## Provided data
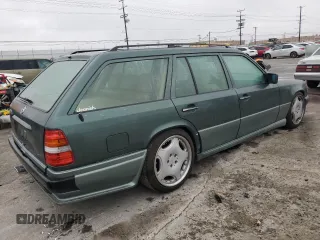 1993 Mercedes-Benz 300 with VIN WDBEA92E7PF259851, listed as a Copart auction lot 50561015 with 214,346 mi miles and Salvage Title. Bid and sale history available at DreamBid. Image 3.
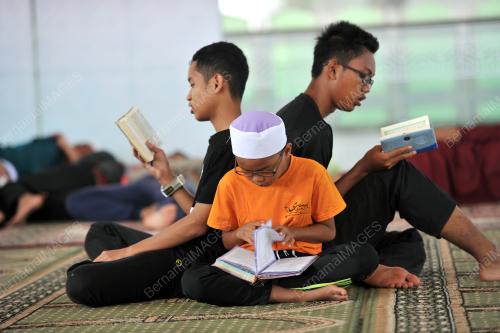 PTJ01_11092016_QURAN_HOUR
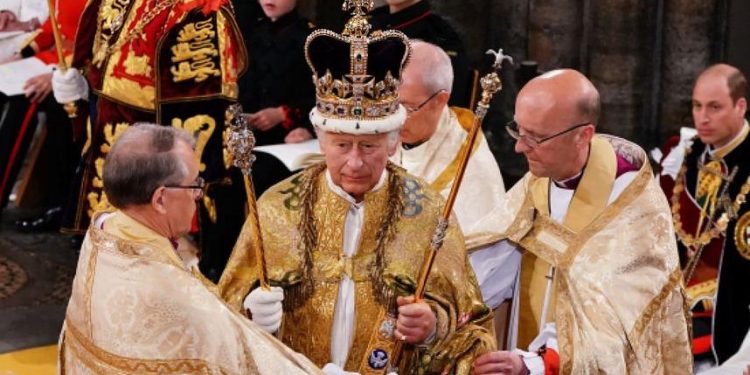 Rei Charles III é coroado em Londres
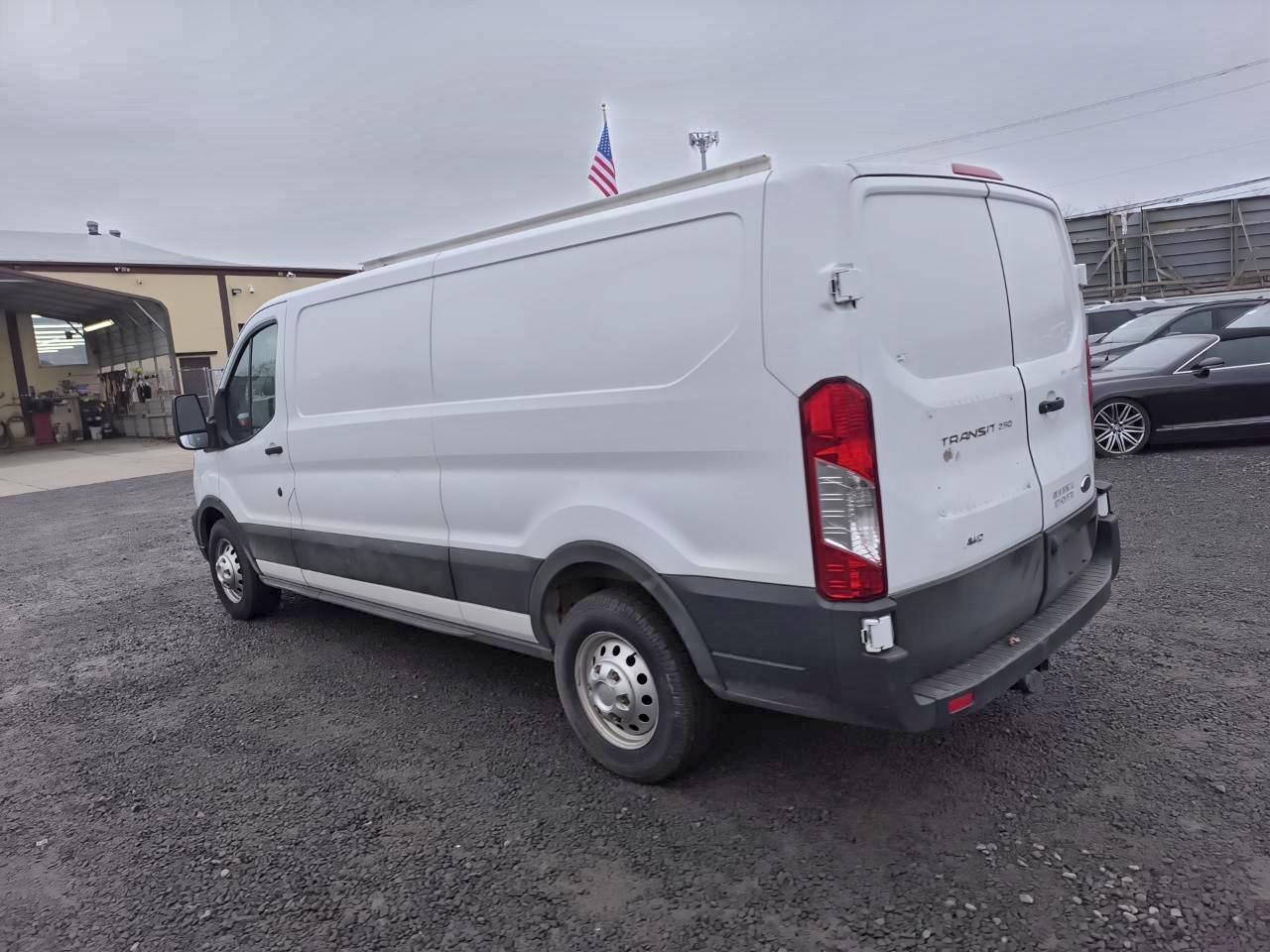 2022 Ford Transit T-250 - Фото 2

## Work task
Exactly the lines from the line with "PTJ01_11092016_QURAN_HOUR" through the last line of the listing, both included, should be extracted, and the pictures left behind.

## Final answer
 PTJ01_11092016_QURAN_HOUR
 Rei Charles III é coroado em Londres
 2022 Ford Transit T-250 - Фото 2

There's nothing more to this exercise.